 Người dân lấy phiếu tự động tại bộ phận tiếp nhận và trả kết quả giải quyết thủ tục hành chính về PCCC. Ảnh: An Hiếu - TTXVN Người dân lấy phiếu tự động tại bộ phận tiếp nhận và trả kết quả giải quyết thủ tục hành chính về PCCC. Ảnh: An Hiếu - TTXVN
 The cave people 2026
...
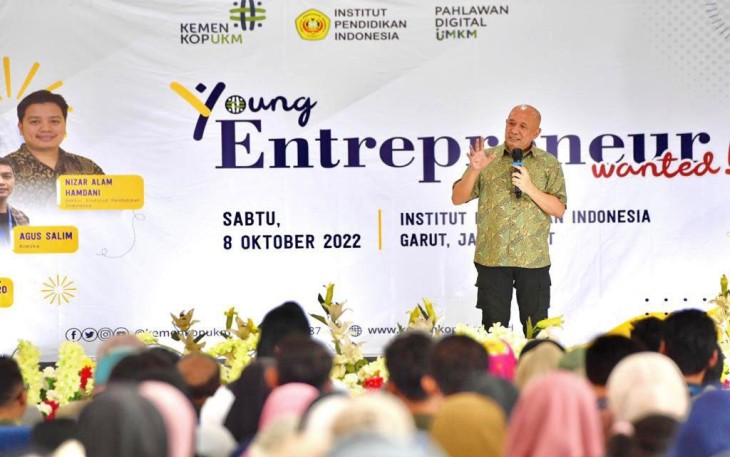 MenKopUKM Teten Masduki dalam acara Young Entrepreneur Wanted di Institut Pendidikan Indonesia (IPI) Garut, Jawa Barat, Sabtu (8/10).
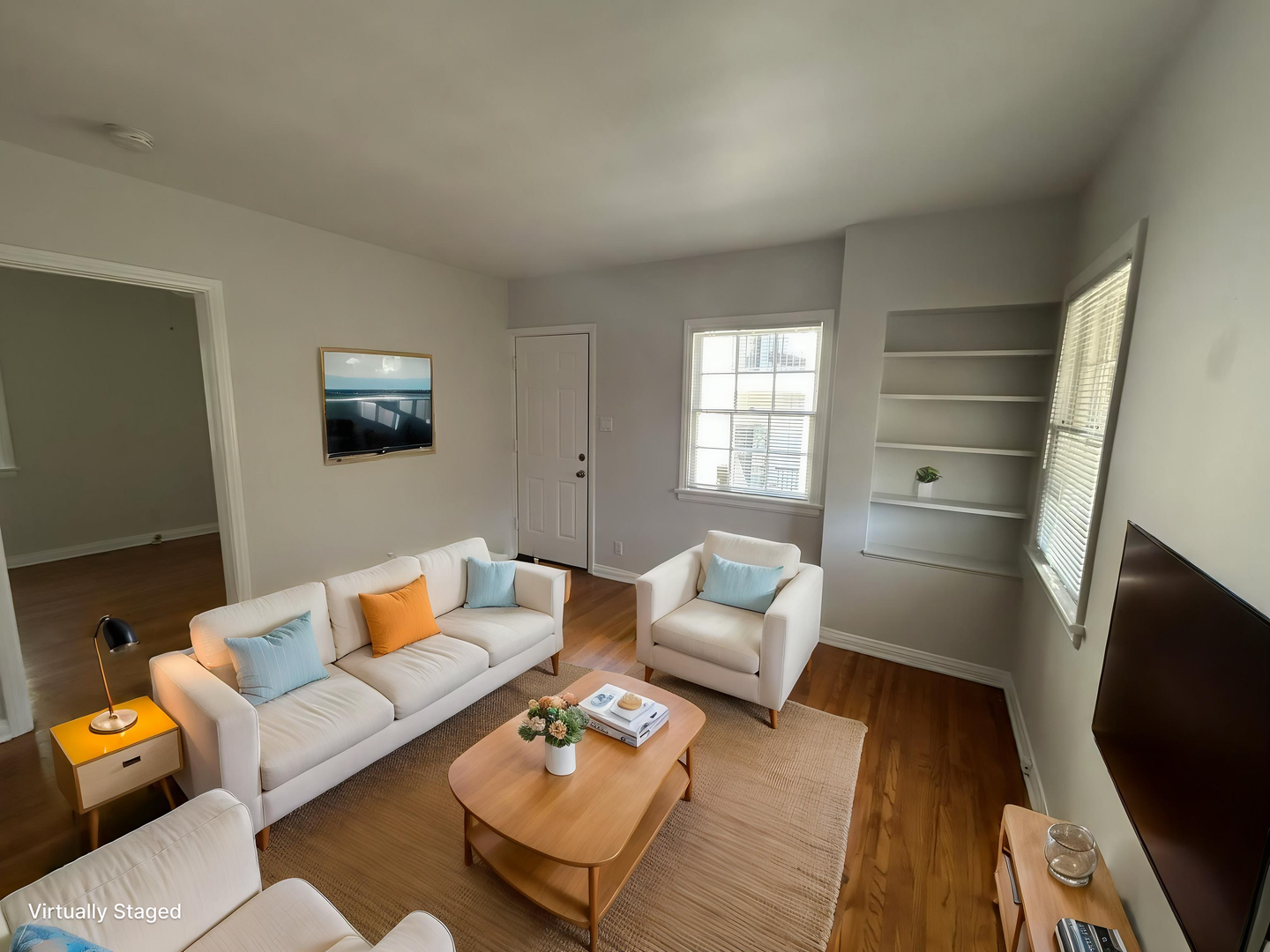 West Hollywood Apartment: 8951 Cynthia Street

▶ _Exercise details_
Would you restate, exactly and with no pictures, the lines of the entries above from the one containing "MenKopUKM Teten Masduki" through the one containing "West Hollywood Apartment: 8951"?

▶ _Exercise result_
 MenKopUKM Teten Masduki dalam acara Young Entrepreneur Wanted di Institut Pendidikan Indonesia (IPI) Garut, Jawa Barat, Sabtu (8/10).
 West Hollywood Apartment: 8951 Cynthia Street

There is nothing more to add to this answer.